5. Mooiste West-Vlaamse woord?

Goestedoender. Omdat het echt op de West-Vlamingen slaat. Goesting is een prachtig Vlaams woord. Een positief woord ook. Maar goestedoender is eigenlijk niet zo positief. Het omschrijft heel goed het eigenzinnige van de West-Vlaming.”

6. Mooiste West-Vlaamse uitdrukking?

Elk zijn ménage. Ik vind dat grappig en charmant tegelijk. Typisch West-Vlaams om eerst een beetje te roddelen, flink je gedacht te zeggen om daarna te besluiten met elk zijn ménage. ‘t Is overal iets. Je moet je niet bemoeien met een ander. Laat iedereen maar doen wat hem of haar het beste lijkt. Maar ondertussen is wel duidelijk dat je eigenlijk al je oordeel geveld hebt.”

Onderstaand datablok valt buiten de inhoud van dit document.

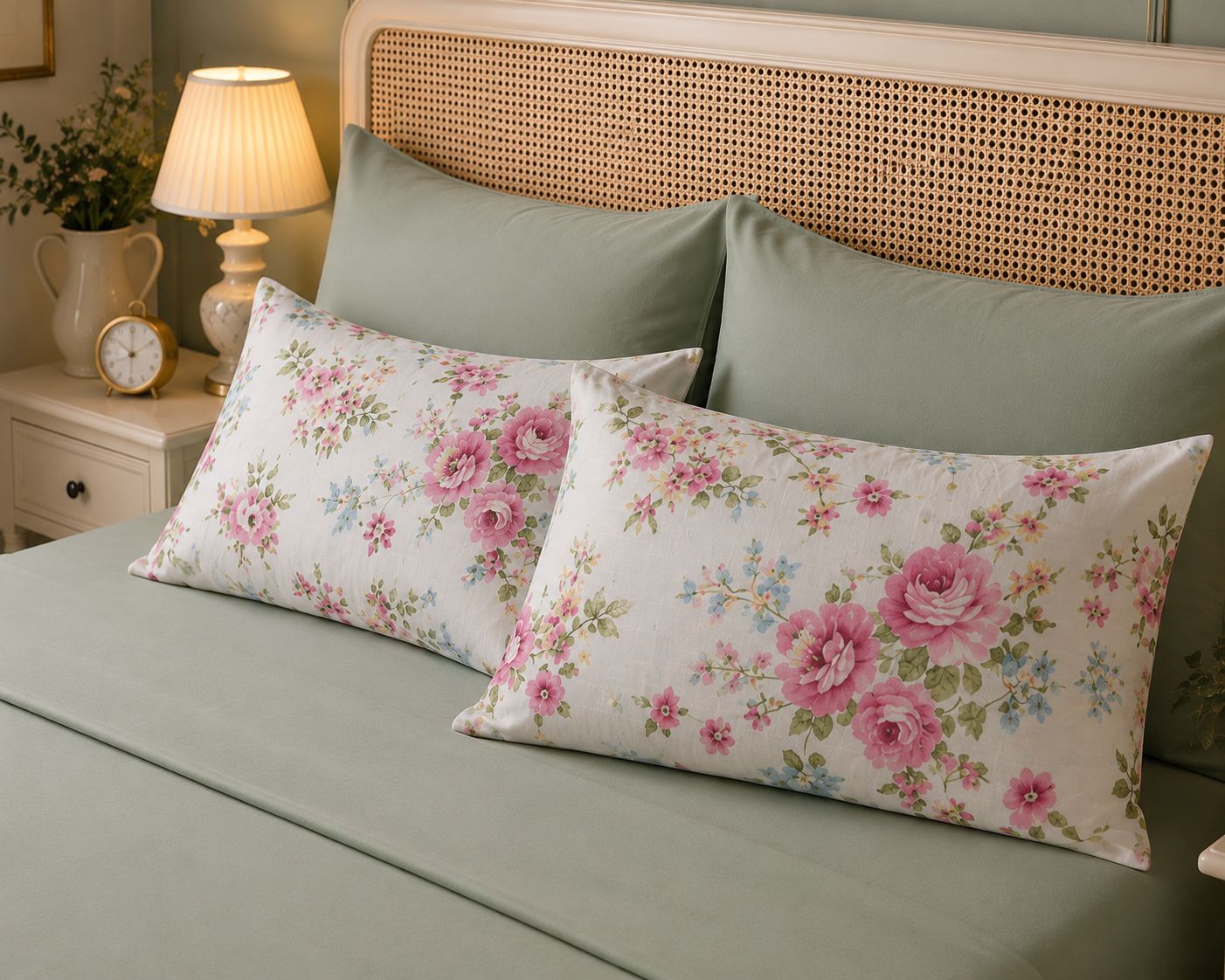 Linen Loft Mint Whisper Bedding Set – King Size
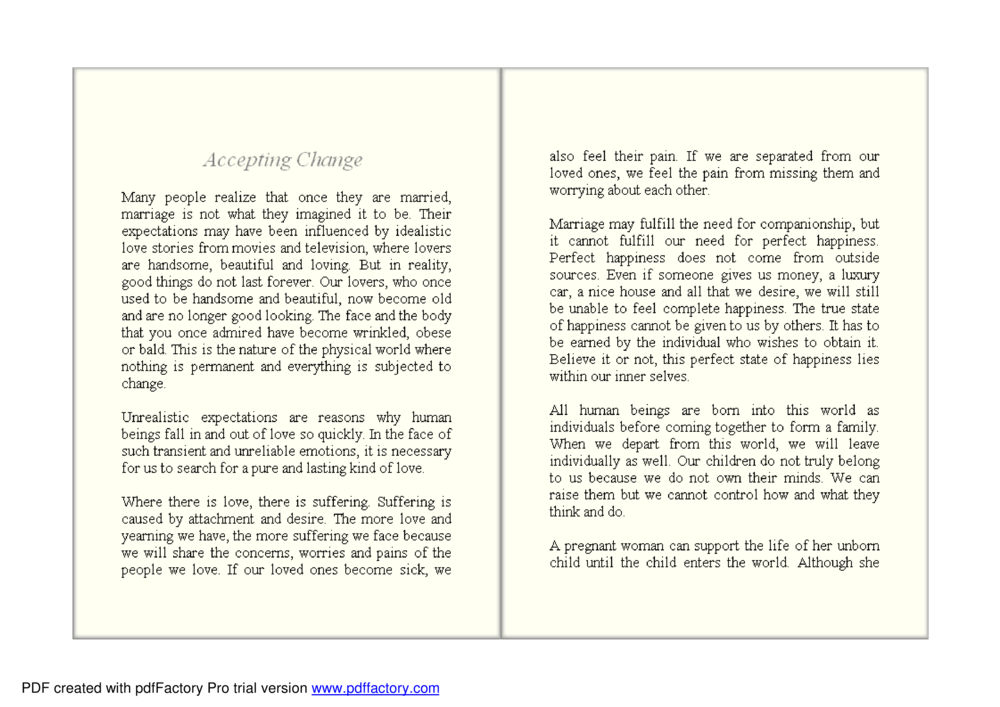 Accepting Change in Marriage and Happiness Lovely Love หน้า 29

7. West-Vlaams streekproduct bij uitstek?

“Garnalen zijn de meest logische keuze. Ongelofelijk lekker. Ik heb ze ook al zelf gevist en gekookt op ‘t strand. Magnifiek. Maar ik ga toch voor sliptongetjes kiezen. Heerlijk. Een typisch West-Vlaams product uit onze Noordzee.”

8. Lekkerste West-Vlaams gerecht?

“Zurkelaardappelen met spek en een gepocheerd ei. Het zure van de zurkel, compenseert het vettige van het spek en daarbij het romige van het ei. Perfect in zijn eenvoud.”

9. Mooiste West-Vlaamse traditie?

“De Heilig Bloedprocessie. Omdat het een van de oudste processies is. Het is een van de zeldzame Europese restanten van een aloude traditie van relikwieën die je een keer per jaar toont aan het volk. Doordrongen van onze christelijke geschiedenis. Ooit was ik gids in Brugge. Ik heb dus wel een zwak voor geschiedenis en tradities. De Heilig Bloedprocessie is een West-Vlaams monument om te koesteren. Ook leuk is dat er af en toe nieuwe tradities ontstaan. Voor mij is Kookeet ondertussen ook een traditie geworden. Daar kijk ik jaarlijks naar uit. Een glaasje drinken, heerlijk eten. En ondertussen heel Brugge tegenkomen. Meer moet dat niet zijn.”

10. Waar ben je als West-Vlaming het meest trots op?

“Wij zijn de grootste bourgondiërs van Vlaanderen en slagen er op een fantastische manier in om dat te combineren met ons harde werken en ons ondernemerschap. Die wisselwerking tussen de factor genieten en ons typische West-Vlaamse wroeten, vind ik uniek.”